The emotion in the script was certainly heavy. Dreiser had based his novel on the true story of one Chester Gillette of New York, an ambitious young man who had drowned a factory girl pregnant with his child in 1906. The state contended that he had done so deliberately because she had complicated his plan to marry a rich girl. Found guilty, Gillette died in the electric chair in 1908. Two decades later Dreiser used Gillette's story as an indictment of the social and economic disparities in American society. Liberal in his politics, Stevens shared the author's sympathetic approach to the protagonist but differed in his conception of the wealthy young woman who inspires the killing. Stevens reimagined Sondra—now rechristened Angela Vickers because he liked the "ring" to it—as both emotionally and physically compelling. The audience couldn't be allowed to hate the hero who kills for her love; they had to understand his temptation. Angela had to be worth everything, even the electric chair.

But was the actress playing her up to the task? As Elizabeth went before the cameras in Lake Tahoe, the MGM star-making bandwagon continued to roll. After much finagling by Metro publicists, she'd recently made the cover of
Time
magazine. International society figure Elsa Maxwell was drafted to write a flattering piece for
Photoplay
describing Elizabeth as "The Most Exciting Girl in Hollywood." The magazine hit the stands just as the young star arrived at Lake Tahoe. Crew members recalled seeing copies strewn around the set.

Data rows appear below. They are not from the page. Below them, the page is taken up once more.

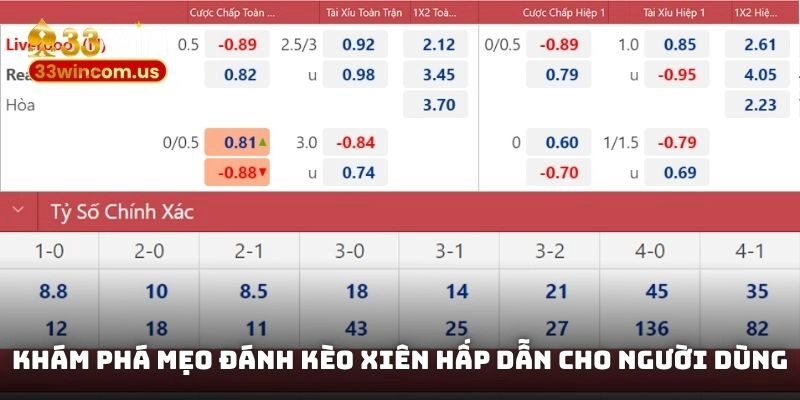 Khám phá mẹo đánh kèo xiên hấp dẫn cho người dùng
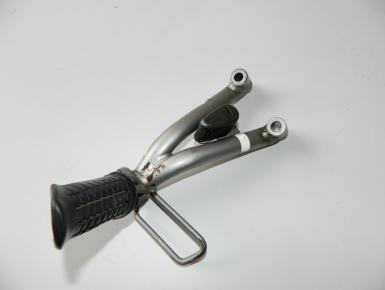 Кронштейн подножки пассажира левый, Suzuki, RF 400, 1995, 0, 0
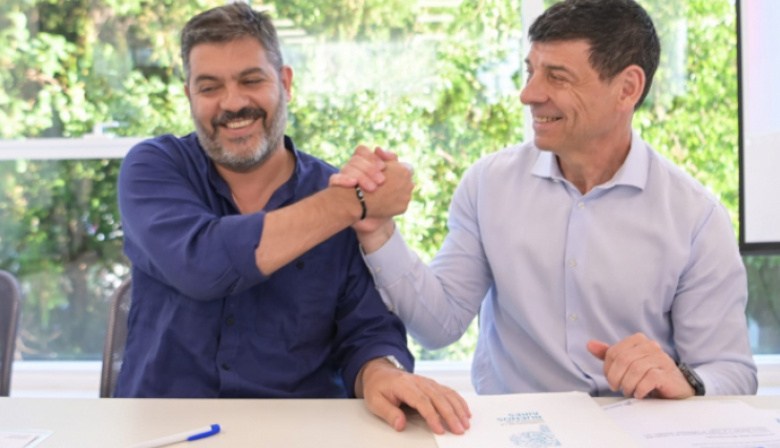 La PBA y la UNAJ firman convenio para impulsar microcertificaciones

It was precisely for such notoriety that Stevens had wanted Elizabeth. Production manager Doc Erickson watched her walk onto the set for the first time in her close-fitting Dior dress and was struck by her sheer presence as she shook hands with the crew. "There was a sense that she knew she was a star," he said. "Not in an arrogant way. She just knew what she was. She carried it with her."

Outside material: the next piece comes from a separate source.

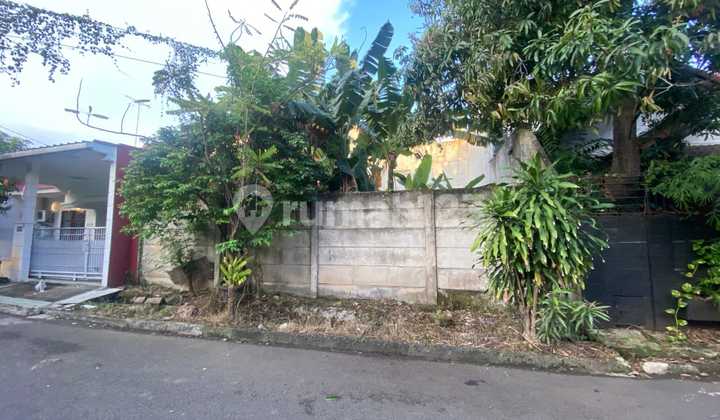 Tanah Kavling Siap Bangun Bebas Banjir Dekat Akses Tol Dan Mrt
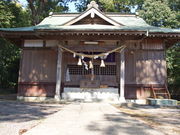 羽梨山神社の写真2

For several days Elizabeth had little to do but walk around shaking hands. Principal photography began on Tuesday, October 4, but the 6:30
A.M.
call was just for Clift and Shelley Winters. Stevens was shooting the scenes that took place at the pier, including the important one where Clift rents the boat to take Winters out on the lake. Elizabeth wandered by at one point, her hair tied up in a scarf. She sat cross-legged and watched her costars work. Clift and Winters "were very intense and concentrated," Erickson said, and no doubt Elizabeth noticed this. These were
actors,
after all—artists from the New York stage, serious about every second of their performances. Elizabeth hurried back to her room to run lines again with her mother.

Her first call was for 9:30
A.M.
the next day for hair and makeup. Clift and Winters had already been up and working for three hours at that point. Elizabeth was right on time for her 10:30 call to the set, reporting to the grassy banks of Cascade Lake, a little less than a mile southwest of the much larger Lake Tahoe. Stevens was preparing to shoot her idyllic lakeside scene with Clift, and though the two stars barely knew each other, the chemistry between them crackled to life the instant Stevens began rehearsals. "She just seemed to come alive when Clift looked at her," Erickson said. With Clift's head resting in her lap, Elizabeth projected an image of mature confidence in her black bathing suit, even if she was still terrified inside.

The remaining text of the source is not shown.